Quella mattina che uccisero Walter Tobagi

Solo nelle ore successive accaddero altre cose di cui ho una memoria più fredda. E cioè delle notizie, che si susseguivano in cronaca, di perquisizioni fatte dai carabinieri di Dalla Chiesa a casa di nostri colleghi, sospettati da tempo di essere amici del giaguaro: cioè dei brigatisti, i quali, più o meno nascostamente, godevano di qualche simpatia, o perlomeno di una qualche comprensione, all’interno delle redazioni.

Il resto è prima cronaca e poi storia. Si seppe presto che Walter era stato ammazzato da alcuni ragazzi di buona famiglia smaniosi di vivere il brivido della lotta armata. L’omicidio di quell’uomo di 33 anni solo e indifeso – senza scorta, bersaglio facile – era la prova del fuoco che questi sciagurati giovanotti avevano pensato di sostenere per guadagnarsi l’arruolamento nelle Brigate rosse.

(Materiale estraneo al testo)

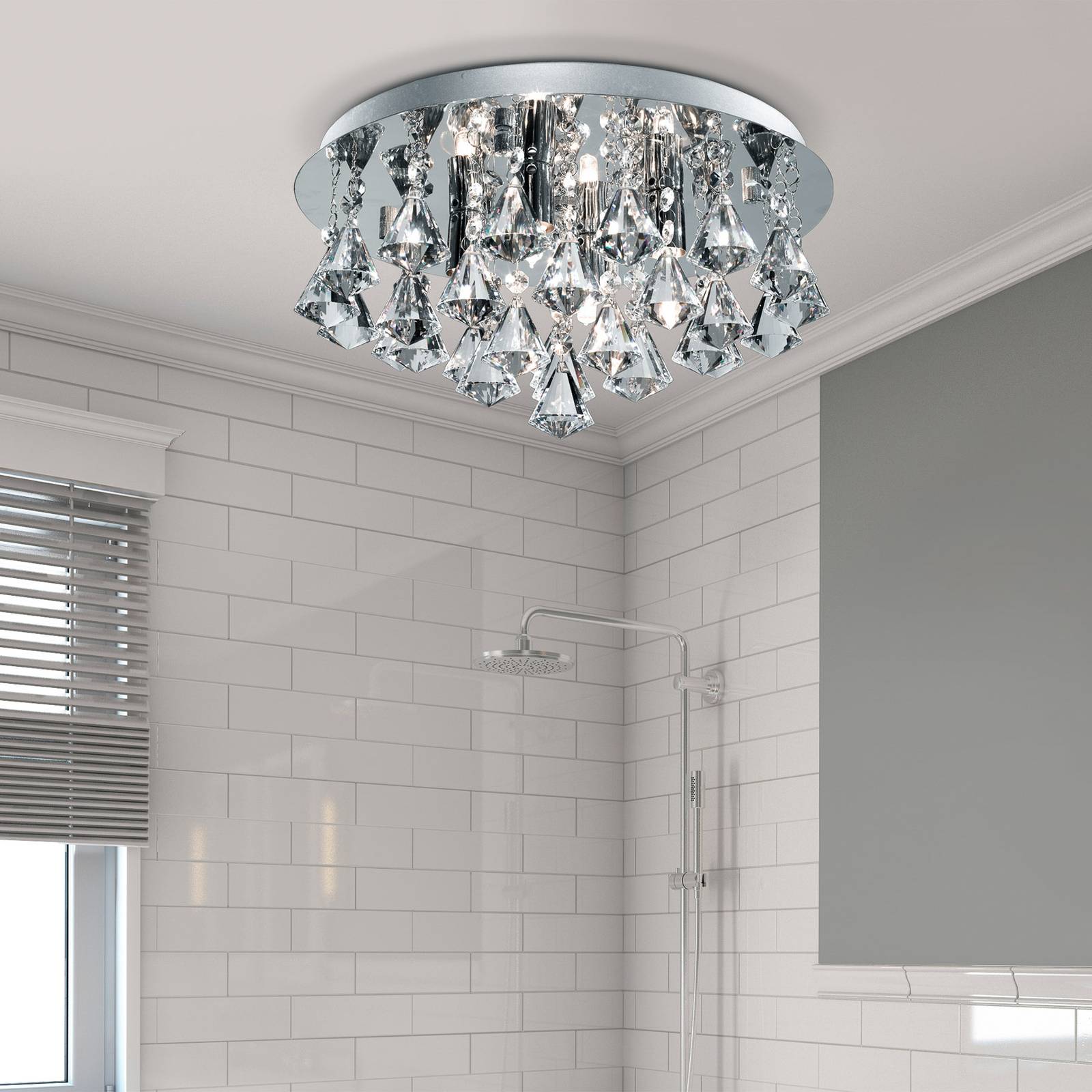foto del prodotto searchlight plafoniera hanna tonda, ip44, 38cm, cromo piramide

A lungo si è sospettato che gli assassini avessero avuto la complicità – se non addirittura il mandato a uccidere – da parte di qualche giornalista del Corriere. Nella categoria, infatti, Tobagi non era amato. Non lo era per il fatto di essere uno dei pochi a sostenere una cosa tanto ovvia quanto allora scomoda, e cioè che le Brigate rosse erano rosse. E non lo era in quanto fondatore di una corrente sindacale, Stampa Democratica, che aveva preso il controllo dell’Associazione Lombarda Giornalisti, interrompendo dopo anni l’egemonia del sindacato filocomunista. Tobagi, poi, era un cattolico e aveva votato per il Psi di Bettino Craxi: due macchie sufficienti, allora, per meritarsi l’etichetta di reazionario.

La moglie Stella invece sospetta ancor oggi di un altro complotto interno al palazzo. Sospetta che dietro gli assassini ci fosse la loggia massonica P2, all’epoca ben rappresentata (e molto influente) in via Solferino. E non ha mai gradito – in questo, come altri familiari – l’appropriazione a suo parere indebita di Walter che avrebbero poi fatto lo stesso Craxi e un po’ tutti i socialisti.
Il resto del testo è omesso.